Moins d’un an après sa sortie de prison, le rappeur Moha La Squale se retrouve de nouveau confronté à la justice. L’artiste, déjà condamné en 2024 pour violences conjugales, séquestration et menaces de mort sur plusieurs ex-compagnes, a été interpellé dans la nuit du 26 au 27 mai 2026 à Paris.
Une intervention policière après des appels au secours
L’affaire débute dans la nuit du mardi 26 au mercredi 27 mai dans le 18e arrondissement de Paris, rue Championnet. Selon le parquet de Paris, plusieurs habitants de l’immeuble alertent les forces de l’ordre après avoir entendu des “bruits de coups” et les appels à l’aide d’une femme.
Lorsque les policiers arrivent sur place, Moha La Squale refuse d’ouvrir la porte de son appartement. Les agents doivent alors forcer l’entrée du logement pour intervenir.
D’après les informations révélées notamment par Le Figaro, le rappeur tente ensuite de prendre la fuite par les toits de l’immeuble avant d’être finalement rattrapé et interpellé par les policiers.
Au moment de son arrestation, Mohamed Bellahmed se trouve en état d’ivresse. Les forces de l’ordre le placent immédiatement en garde à vue.
Le rappeur est ensuite conduit au dépôt du tribunal afin d’être présenté à un magistrat du parquet le lendemain.
Une femme blessée retrouvée dans l’appartement
Les enquêteurs découvrent dans l’appartement une femme présentant des blessures importantes au visage. Selon le parquet de Paris, la victime explique connaître le rappeur depuis seulement quelques jours. Elle raconte avoir passé la soirée avec lui ainsi qu’avec une autre femme, qui aurait quitté les lieux après avoir consommé de la cocaïne.

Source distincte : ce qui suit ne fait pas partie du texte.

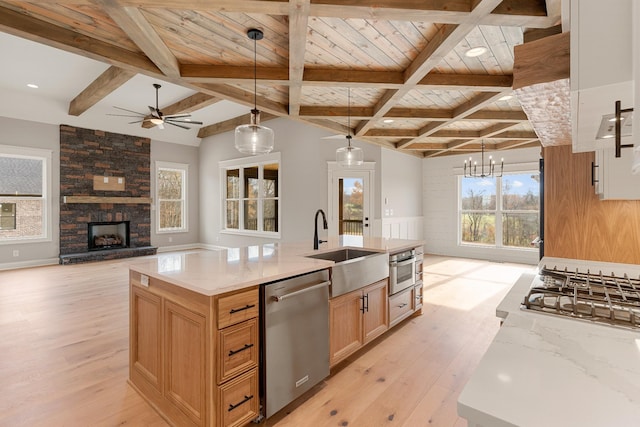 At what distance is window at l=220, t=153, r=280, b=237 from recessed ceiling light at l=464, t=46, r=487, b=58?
4.65 meters

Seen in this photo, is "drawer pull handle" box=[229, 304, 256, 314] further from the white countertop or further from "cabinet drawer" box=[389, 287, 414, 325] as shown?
"cabinet drawer" box=[389, 287, 414, 325]

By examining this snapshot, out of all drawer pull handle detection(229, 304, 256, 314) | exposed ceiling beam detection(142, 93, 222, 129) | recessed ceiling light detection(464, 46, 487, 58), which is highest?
exposed ceiling beam detection(142, 93, 222, 129)

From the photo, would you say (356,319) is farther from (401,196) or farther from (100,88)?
(100,88)

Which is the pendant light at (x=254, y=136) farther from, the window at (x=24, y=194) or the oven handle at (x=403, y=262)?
the window at (x=24, y=194)

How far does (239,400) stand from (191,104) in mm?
5491

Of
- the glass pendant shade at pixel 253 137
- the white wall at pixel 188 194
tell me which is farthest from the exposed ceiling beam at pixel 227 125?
the glass pendant shade at pixel 253 137

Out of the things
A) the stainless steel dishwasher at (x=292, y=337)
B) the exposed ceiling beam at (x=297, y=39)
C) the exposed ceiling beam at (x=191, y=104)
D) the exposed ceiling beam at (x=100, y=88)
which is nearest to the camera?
the stainless steel dishwasher at (x=292, y=337)

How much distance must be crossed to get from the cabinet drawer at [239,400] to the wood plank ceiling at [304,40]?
7.67 ft

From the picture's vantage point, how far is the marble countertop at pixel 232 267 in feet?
5.50

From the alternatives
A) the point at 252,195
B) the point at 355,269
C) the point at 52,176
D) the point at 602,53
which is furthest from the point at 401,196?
the point at 52,176

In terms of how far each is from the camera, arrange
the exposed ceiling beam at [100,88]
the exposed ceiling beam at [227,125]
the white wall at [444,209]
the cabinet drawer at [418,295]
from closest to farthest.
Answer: the cabinet drawer at [418,295] → the exposed ceiling beam at [100,88] → the exposed ceiling beam at [227,125] → the white wall at [444,209]

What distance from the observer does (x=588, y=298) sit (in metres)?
1.28

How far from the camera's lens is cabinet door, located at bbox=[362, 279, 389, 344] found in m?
2.69

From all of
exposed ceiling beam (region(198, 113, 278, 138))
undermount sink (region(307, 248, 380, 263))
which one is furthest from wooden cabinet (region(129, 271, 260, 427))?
exposed ceiling beam (region(198, 113, 278, 138)) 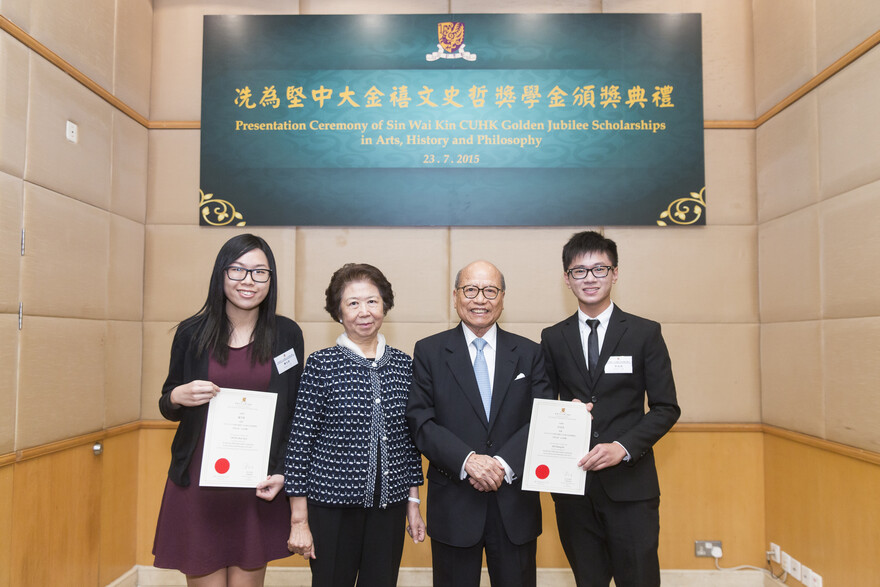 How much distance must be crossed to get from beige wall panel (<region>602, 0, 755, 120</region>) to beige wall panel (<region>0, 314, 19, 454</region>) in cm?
372

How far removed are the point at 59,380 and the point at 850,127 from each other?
3.79 metres

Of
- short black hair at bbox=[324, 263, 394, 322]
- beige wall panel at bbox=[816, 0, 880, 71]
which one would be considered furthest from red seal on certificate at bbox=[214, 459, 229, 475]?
beige wall panel at bbox=[816, 0, 880, 71]

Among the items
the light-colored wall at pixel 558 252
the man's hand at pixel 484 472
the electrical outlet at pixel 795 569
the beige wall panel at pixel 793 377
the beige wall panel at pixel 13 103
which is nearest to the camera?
the man's hand at pixel 484 472

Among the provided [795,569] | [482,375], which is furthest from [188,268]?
[795,569]

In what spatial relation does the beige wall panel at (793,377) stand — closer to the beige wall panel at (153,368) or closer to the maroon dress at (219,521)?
the maroon dress at (219,521)

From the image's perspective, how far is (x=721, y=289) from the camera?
331 centimetres

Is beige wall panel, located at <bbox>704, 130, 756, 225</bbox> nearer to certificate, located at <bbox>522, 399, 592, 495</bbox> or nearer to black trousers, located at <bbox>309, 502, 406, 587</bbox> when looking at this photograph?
certificate, located at <bbox>522, 399, 592, 495</bbox>

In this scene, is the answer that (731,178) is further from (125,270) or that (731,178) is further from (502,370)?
(125,270)

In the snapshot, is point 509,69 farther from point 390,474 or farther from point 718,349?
point 390,474

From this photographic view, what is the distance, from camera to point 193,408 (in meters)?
1.97

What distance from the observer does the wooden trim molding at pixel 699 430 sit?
2393 mm

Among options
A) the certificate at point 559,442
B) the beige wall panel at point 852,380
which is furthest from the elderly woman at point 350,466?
the beige wall panel at point 852,380

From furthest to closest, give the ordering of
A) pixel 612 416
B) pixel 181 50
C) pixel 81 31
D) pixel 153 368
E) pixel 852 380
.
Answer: pixel 181 50
pixel 153 368
pixel 81 31
pixel 852 380
pixel 612 416

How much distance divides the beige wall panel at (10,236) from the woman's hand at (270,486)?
4.39 feet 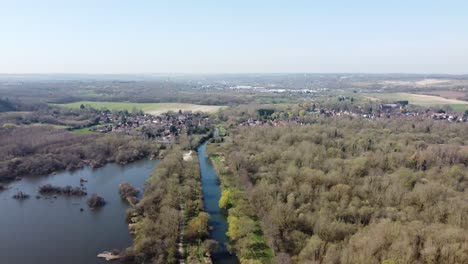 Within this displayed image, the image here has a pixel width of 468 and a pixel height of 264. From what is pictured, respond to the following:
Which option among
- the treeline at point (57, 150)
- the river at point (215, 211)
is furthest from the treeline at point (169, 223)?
the treeline at point (57, 150)

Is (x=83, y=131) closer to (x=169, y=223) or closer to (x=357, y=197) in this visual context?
(x=169, y=223)

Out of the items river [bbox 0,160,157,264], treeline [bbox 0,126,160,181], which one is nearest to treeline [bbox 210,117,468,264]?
river [bbox 0,160,157,264]

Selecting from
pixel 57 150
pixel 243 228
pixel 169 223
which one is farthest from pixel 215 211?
pixel 57 150

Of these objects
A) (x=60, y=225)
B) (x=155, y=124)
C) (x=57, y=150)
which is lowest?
(x=60, y=225)

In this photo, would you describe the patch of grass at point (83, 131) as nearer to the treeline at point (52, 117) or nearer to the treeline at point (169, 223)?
the treeline at point (52, 117)

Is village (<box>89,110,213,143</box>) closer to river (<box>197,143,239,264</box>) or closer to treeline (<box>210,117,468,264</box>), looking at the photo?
river (<box>197,143,239,264</box>)

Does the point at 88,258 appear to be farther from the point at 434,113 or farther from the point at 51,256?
the point at 434,113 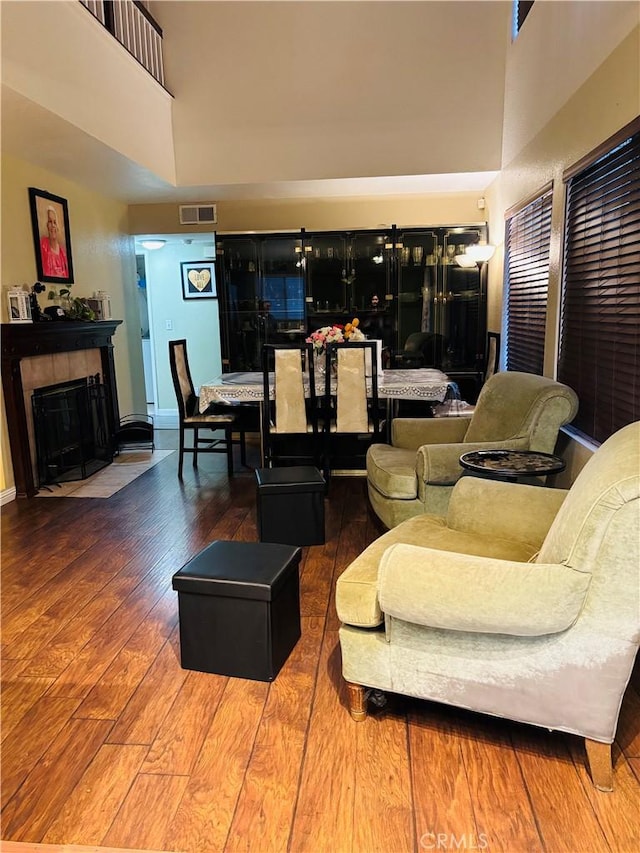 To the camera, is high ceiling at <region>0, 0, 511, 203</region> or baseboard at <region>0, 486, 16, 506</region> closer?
baseboard at <region>0, 486, 16, 506</region>

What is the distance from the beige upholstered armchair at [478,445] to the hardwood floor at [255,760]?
0.76 metres

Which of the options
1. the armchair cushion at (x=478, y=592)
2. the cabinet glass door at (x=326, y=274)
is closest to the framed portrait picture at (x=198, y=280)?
the cabinet glass door at (x=326, y=274)

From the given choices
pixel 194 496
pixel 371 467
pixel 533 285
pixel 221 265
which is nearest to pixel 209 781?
pixel 371 467

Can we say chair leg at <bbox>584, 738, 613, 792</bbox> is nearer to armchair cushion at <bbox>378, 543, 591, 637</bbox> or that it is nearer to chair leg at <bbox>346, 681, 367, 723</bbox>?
armchair cushion at <bbox>378, 543, 591, 637</bbox>

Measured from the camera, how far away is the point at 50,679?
2.19m

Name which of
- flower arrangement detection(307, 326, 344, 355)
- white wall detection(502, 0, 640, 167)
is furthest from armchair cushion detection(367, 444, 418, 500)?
white wall detection(502, 0, 640, 167)

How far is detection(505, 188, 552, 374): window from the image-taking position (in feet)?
12.8

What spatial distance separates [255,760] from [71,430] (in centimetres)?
382

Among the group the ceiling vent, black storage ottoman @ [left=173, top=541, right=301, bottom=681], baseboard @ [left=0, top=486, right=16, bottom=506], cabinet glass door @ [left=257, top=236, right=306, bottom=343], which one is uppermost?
the ceiling vent

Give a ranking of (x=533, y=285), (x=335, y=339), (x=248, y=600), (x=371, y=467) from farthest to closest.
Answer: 1. (x=335, y=339)
2. (x=533, y=285)
3. (x=371, y=467)
4. (x=248, y=600)

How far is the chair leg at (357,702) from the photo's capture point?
192 cm

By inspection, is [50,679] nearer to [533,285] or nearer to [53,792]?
[53,792]

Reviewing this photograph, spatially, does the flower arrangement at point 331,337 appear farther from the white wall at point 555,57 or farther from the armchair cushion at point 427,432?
the white wall at point 555,57

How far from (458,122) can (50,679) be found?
16.6 feet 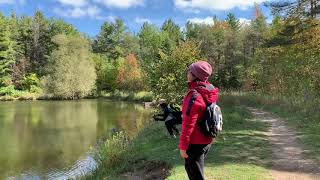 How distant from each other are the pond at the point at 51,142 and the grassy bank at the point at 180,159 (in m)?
2.61

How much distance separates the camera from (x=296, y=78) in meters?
22.7

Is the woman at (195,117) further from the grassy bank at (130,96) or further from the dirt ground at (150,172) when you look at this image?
the grassy bank at (130,96)

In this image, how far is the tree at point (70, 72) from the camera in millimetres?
61812

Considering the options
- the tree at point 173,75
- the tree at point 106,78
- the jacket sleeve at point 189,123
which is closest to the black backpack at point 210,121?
the jacket sleeve at point 189,123

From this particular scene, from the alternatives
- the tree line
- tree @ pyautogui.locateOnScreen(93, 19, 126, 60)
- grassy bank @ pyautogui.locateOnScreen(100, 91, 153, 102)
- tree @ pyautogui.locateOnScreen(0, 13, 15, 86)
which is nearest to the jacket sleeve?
the tree line

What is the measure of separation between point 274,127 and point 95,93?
52.4 meters

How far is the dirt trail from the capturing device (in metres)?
8.22

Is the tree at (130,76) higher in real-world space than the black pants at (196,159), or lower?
higher

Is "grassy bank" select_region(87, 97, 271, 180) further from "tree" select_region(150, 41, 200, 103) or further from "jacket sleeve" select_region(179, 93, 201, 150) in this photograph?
"tree" select_region(150, 41, 200, 103)

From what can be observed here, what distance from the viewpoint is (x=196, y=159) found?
5.50 metres

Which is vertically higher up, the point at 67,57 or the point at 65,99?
the point at 67,57

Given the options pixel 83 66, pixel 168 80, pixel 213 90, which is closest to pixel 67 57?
pixel 83 66

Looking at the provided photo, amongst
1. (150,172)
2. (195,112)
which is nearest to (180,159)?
(150,172)

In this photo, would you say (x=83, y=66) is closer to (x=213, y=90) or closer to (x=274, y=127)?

Toujours selon les premiers éléments de l’enquête, Moha La Squale aurait violemment agressé la victime après avoir constaté la disparition de sa montre Rolex.
Des photographies prises par les enquêteurs montrent notamment un “visage tuméfié”, selon le parquet.
La seconde femme présente durant la soirée a également été entendue. Elle affirme avoir reçu une gifle au cours de la nuit. L’enquête a été confiée au commissariat du 18e arrondissement de Paris.
Des voisins dénonçaient déjà un climat inquiétant
Selon plusieurs informations relayées par Le Figaro, les habitants de l’immeuble se plaignaient depuis plusieurs semaines du comportement du rappeur. Les voisins évoquent un “climat de peur et d’insécurité” installé progressivement dans la résidence.
Ils dénoncent des tapages nocturnes répétés, des insultes, de la consommation de stupéfiants dans les parties communes ainsi que des comportements jugés agressifs envers certaines femmes croisées dans l’immeuble.
Le 9 mai dernier, Moha La Squale aurait également jeté plusieurs objets par la fenêtre de son appartement, dont une chaise. L’intervention des pompiers avait alors été nécessaire.
Selon les informations rapportées, les secours avaient évoqué à cette occasion une possible tentative de suicide. Ces différents épisodes alimentent désormais les inquiétudes autour de l’état psychologique du rappeur.
Un rappeur déjà condamné pour violences conjugales
Cette nouvelle affaire intervient dans un contexte judiciaire déjà extrêmement lourd pour Moha La Squale.
En juillet 2024, le tribunal correctionnel de Paris l’avait condamné à quatre ans de prison, dont un an avec sursis probatoire, pour des faits de violences conjugales, séquestration et menaces de mort sur plusieurs anciennes compagnes.
La justice reprochait alors au rappeur des violences répétées commises sur au moins six ex-partenaires. Le tribunal avait également imposé un suivi socio-judiciaire strict comprenant des soins psychologiques ainsi qu’un sevrage lié à sa consommation de cannabis.
Malgré cette condamnation, l’artiste avait retrouvé la liberté en août 2025 après avoir effectué une partie importante de sa peine en détention provisoire.
À sa sortie de prison, Moha La Squale avait d’ailleurs annoncé son retour sur les réseaux sociaux et dans la musique.